Ok I think this is what I'm going to do to set up the SSD, does it sound right?:
uninstall IE and reinstall it on my hdd
move the temporary internet folders for both IE and FF to the hdd
TEMP and TMP environment variables to a folder in hdd
change the Desktop location to a folder on the hdd
disable defragmenting on the SDD
disable the paging file on the SDD and create one on the hdd
I also read on this site
http://www.ghacks.net/2009/01/10/optimize-windows-for-solid-state-drives-usage/
something about enabling cache writing and disabling the Indexing Service, but I don't really know what these are so might not do them.
Doesn't really matter where you keep the AV software, it gets loaded into memory then the HD access is all reads based off where the data you're scanning is. There's no writes involved except if you have a log file turned on.
Interesting thought, in the past the OS used to progress through the drive linearly. If you deleted data off the beginning of the drive it wouldn't start using that part of the drive until it had finished progressing all the way to the end of the drive. I *think* when you reboot it starts from the top of the drive again for its write position.

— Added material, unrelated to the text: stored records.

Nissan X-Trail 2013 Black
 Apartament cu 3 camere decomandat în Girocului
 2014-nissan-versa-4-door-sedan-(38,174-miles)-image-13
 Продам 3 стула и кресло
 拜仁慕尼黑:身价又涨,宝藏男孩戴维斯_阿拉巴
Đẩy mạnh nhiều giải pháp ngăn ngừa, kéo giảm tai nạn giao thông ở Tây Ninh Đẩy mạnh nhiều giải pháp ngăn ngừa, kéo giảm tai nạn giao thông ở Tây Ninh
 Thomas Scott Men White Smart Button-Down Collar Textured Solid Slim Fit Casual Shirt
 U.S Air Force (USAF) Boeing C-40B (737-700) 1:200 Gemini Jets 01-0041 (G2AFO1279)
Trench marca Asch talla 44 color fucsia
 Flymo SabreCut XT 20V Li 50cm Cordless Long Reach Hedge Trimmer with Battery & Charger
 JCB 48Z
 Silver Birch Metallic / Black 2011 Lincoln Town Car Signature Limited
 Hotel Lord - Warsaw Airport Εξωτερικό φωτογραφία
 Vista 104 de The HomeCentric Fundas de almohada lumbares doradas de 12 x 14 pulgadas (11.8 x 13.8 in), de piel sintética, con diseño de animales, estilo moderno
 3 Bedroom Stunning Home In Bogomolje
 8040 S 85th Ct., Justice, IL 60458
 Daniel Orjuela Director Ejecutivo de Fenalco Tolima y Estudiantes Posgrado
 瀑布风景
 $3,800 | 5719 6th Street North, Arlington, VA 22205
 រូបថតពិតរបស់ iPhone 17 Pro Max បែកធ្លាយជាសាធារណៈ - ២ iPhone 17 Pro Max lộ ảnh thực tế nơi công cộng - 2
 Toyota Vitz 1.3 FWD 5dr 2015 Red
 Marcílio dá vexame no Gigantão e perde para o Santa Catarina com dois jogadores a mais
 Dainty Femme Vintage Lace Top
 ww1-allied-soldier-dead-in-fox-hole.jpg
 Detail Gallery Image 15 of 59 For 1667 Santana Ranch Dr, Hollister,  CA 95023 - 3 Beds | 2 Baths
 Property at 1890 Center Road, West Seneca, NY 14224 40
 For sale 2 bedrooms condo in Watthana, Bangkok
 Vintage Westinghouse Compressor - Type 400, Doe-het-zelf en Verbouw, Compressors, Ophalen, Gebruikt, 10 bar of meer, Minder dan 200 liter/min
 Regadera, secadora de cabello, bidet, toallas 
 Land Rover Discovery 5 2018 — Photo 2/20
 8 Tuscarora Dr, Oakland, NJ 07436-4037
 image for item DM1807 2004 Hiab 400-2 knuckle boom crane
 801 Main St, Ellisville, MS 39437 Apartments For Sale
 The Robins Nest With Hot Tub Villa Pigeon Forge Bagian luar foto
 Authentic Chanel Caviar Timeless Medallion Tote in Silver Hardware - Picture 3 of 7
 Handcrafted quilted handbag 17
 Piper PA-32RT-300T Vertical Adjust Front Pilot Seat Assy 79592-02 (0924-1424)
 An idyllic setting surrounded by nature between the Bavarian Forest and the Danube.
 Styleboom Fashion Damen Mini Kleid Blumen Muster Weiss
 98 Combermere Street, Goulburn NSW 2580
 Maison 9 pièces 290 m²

But Windows may use the drive much differently these days anyway, so I don't know. I also wouldn't be surprised if SSD's have a wear balancing algorithm anyway.
I would keep IE itself on your SSD. You can change the location of the temp folder it uses someplace in the internet options, and put that temp folder on the platter drive if you want. Win7 is automatically not suppose to defrag SSD's but doesn't hurt to set it.
Dont think you have to worry about that.. an SSD disk lasts for about 1,200,000 hours which is longer then normal ones. Planing to buy a new computer myself on monday with SSD
I've said this before, you shouldn't disable paging file as some programs will stop working. It's not even needed with ssd.
Required setting with ssd begins:
Get a windows 7.
Required setting with ssd ends.
You don't have to change any settings with windows 7, it's designed for ssd usage and will automatically choose the best settings.